Five Years Later, Cutting Through the Fukushima Myths
At the site of the earthquake, stress had been building up in the Earth’s crust for decades. When it released, that stress caused one of the most damaging quakes on record. The earth moved more than 20 meters over a 500-mile zone and the resulting earthquake released as much energy as a 45-megaton hydrogen bomb (to put this in perspective, this is 30,000 times more powerful as the bomb that leveled Hiroshima). It was the fourth-strongest earthquake recorded since 1900 and the strongest earthquake to strike Japan in recorded history. The quake shifted the Earth’s axis by somewhere between 4 and 10 inches ..
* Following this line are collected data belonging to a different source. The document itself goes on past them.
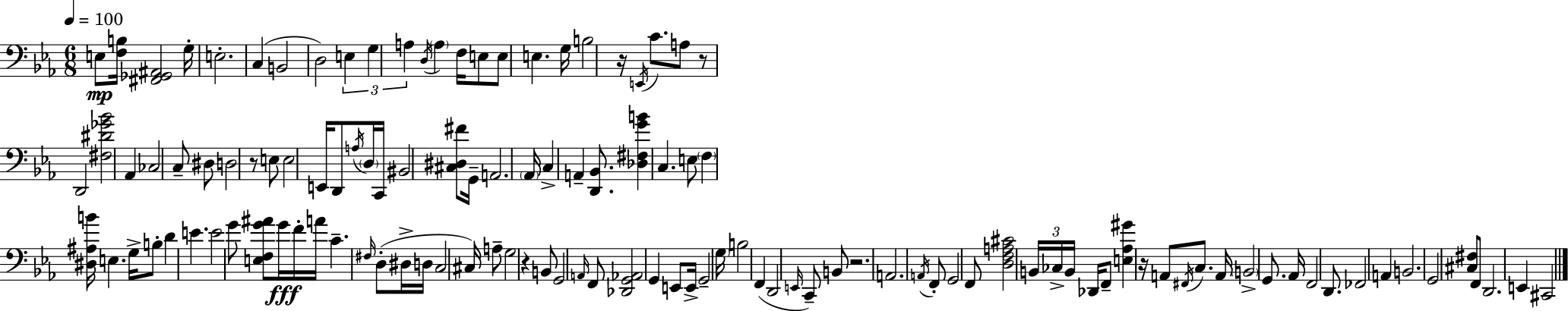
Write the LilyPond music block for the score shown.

{
  \clef bass
  \numericTimeSignature
  \time 6/8
  \key c \minor
  \tempo 4 = 100
  e8\mp <f b>16 <fis, ges, ais,>2 g16-. | e2.-. | c4( b,2 | d2) \tuplet 3/2 { e4 | \break g4 a4 } \acciaccatura { d16 } \parenthesize a4 | f16 e8 e8 e4. | g16 b2 r16 \acciaccatura { e,16 } c'8. | a8 r8 d,2 | \break <fis dis' ges' bes'>2 aes,4 | ces2 c8-- | dis8 d2 r8 | e8 e2 e,16 d,8 | \break \acciaccatura { a16 } \parenthesize d16 c,16 bis,2 | <cis dis fis'>8 g,16-- a,2. | \parenthesize aes,16 c4-> a,4-- | <d, bes,>8. <des fis g' b'>4 c4. | \break e8 \parenthesize f4 <dis ais b'>16 e4. | g16-> b8-. d'4 e'4. | e'2 g'8 | <e f g' ais'>8 g'16\fff f'16-. a'16 c'4.-- | \break \grace { fis16 }( d8-. dis16-> d16 c2 | cis16) a8-- g2 | r4 b,8 g,2 | \grace { a,16 } f,8 <des, g, aes,>2 | \break g,4 e,8 e,16-> g,2-- | \parenthesize g16 b2 | f,4( d,2 | \grace { e,16 } c,8--) b,8 r2. | \break a,2. | \acciaccatura { a,16 } f,8-. g,2 | f,8 <d f a cis'>2 | \tuplet 3/2 { b,16 ces16-> b,16 } des,16 f,8-- <e aes gis'>4 | \break r16 a,8 \acciaccatura { fis,16 } c8. a,16 \parenthesize b,2-> | g,8. aes,16 f,2 | d,8. fes,2 | a,4 b,2. | \break g,2 | <cis fis>8 f,8 d,2. | e,4 | cis,2 \bar "|."
}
.. For example, it’s true that radioactive cesium (Cs-134 and Cs-137) was measured in tuna caught in the Pacific Ocean. But it’s not true that this cesium posed any risk to people eating this tuna. I interviewed the scientist who made these measurements and he pointed out that the radioactivity of the cesium was lower than the radioactivity content of the natural potassium in the fish.
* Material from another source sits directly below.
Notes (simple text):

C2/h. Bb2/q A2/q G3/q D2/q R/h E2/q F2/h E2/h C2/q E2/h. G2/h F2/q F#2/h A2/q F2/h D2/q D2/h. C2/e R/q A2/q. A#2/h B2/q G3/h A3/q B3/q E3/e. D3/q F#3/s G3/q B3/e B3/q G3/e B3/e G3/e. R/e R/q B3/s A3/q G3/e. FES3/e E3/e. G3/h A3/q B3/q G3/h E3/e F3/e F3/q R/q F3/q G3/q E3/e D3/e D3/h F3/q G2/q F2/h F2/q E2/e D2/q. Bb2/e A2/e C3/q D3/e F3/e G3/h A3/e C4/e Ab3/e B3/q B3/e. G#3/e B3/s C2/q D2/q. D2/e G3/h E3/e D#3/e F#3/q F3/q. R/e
.. This shouldn’t surprise anyone who has studied the impact of the Chernobyl accident. While there was significant short-term impact in the areas close to the Chernobyl reactors—and the area right around the ruined reactor remains a forbidden zone where you just don’t want to go—further afield the impact was fairly low. Numerous studies (summarized by the International Atomic Energy Agency in this 2006 report) concluded that the ecosystem in the exclusion zone around the Chernobyl site is among the richest ecosystems in Europe, teeming with large game as well as smaller animals, partly because there aren’t any people there.